Each entry below should be returned exactly as is, with the pictures removed.

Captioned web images
· · · · ·

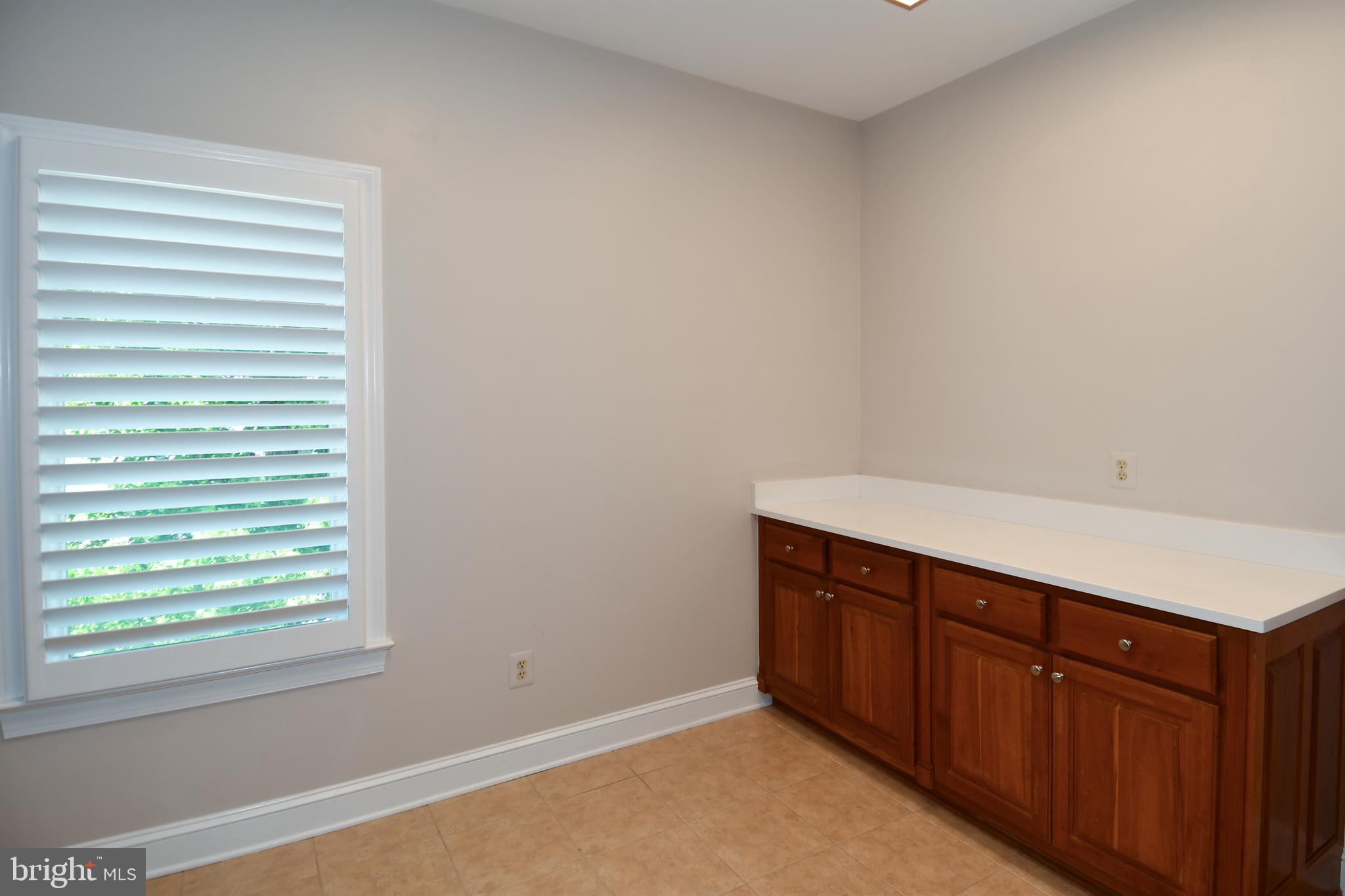 7808 Southdown Road Alexandria, VA 22308 - Photo 87 of 99 a room with a cabinets and a window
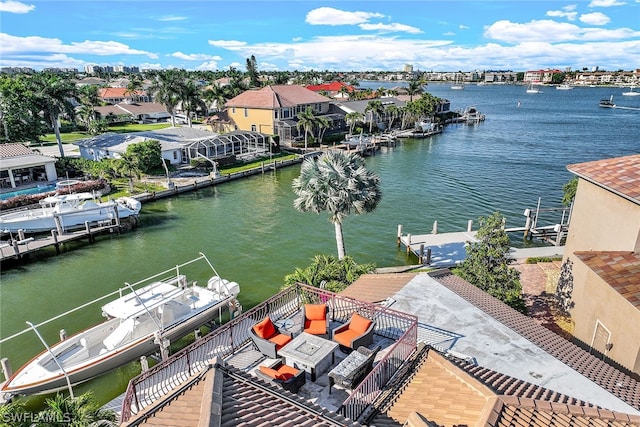 birds eye view of property featuring a water view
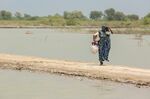 A woman carries a pot to fill drinking water in Umerkot district in Sindh province on Sept. 10. 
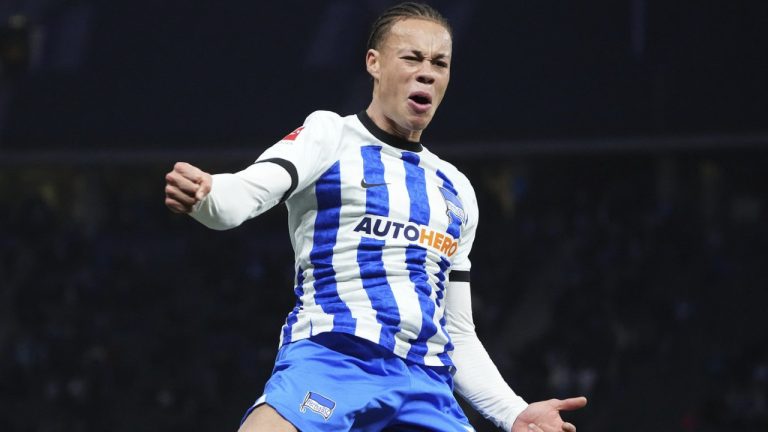 Hertha's Derry Lionel Scherhant celebrates after scoring for his side during the German Bundesliga. (Soeren Stache/dpa via AP)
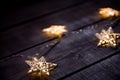 Starry Christmas lights on a gray wooden background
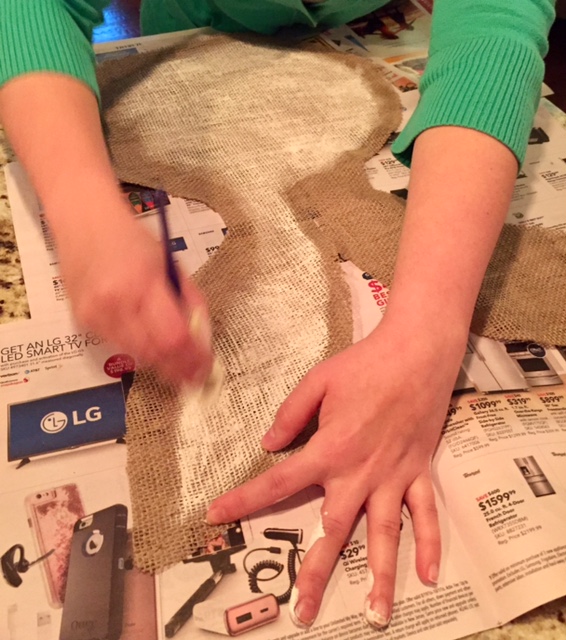 Super cute and easy DIY Tutorial to make Easter Burlap Door Hangers with step by step instructions, materials list, and lots of pictures!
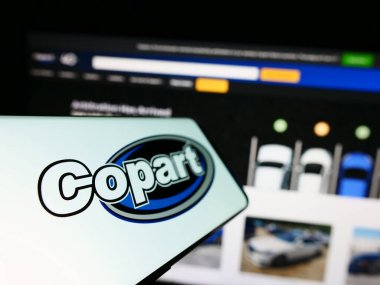 Stuttgart, Almanya - 06-25-2023: Amerikan otomotiv şirketi Copart Inc. 'in logosunu taşıyan cep telefonu iş sitesinin önünde ekranda. Telefon ekranının soluna odaklan.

· · · · ·

** EXERCISE RESPONSE **
 7808 Southdown Road Alexandria, VA 22308 - Photo 87 of 99 a room with a cabinets and a window
 birds eye view of property featuring a water view
 A woman carries a pot to fill drinking water in Umerkot district in Sindh province on Sept. 10. 
 Hertha's Derry Lionel Scherhant celebrates after scoring for his side during the German Bundesliga. (Soeren Stache/dpa via AP)
 Starry Christmas lights on a gray wooden background
 Super cute and easy DIY Tutorial to make Easter Burlap Door Hangers with step by step instructions, materials list, and lots of pictures!
 Stuttgart, Almanya - 06-25-2023: Amerikan otomotiv şirketi Copart Inc. 'in logosunu taşıyan cep telefonu iş sitesinin önünde ekranda. Telefon ekranının soluna odaklan.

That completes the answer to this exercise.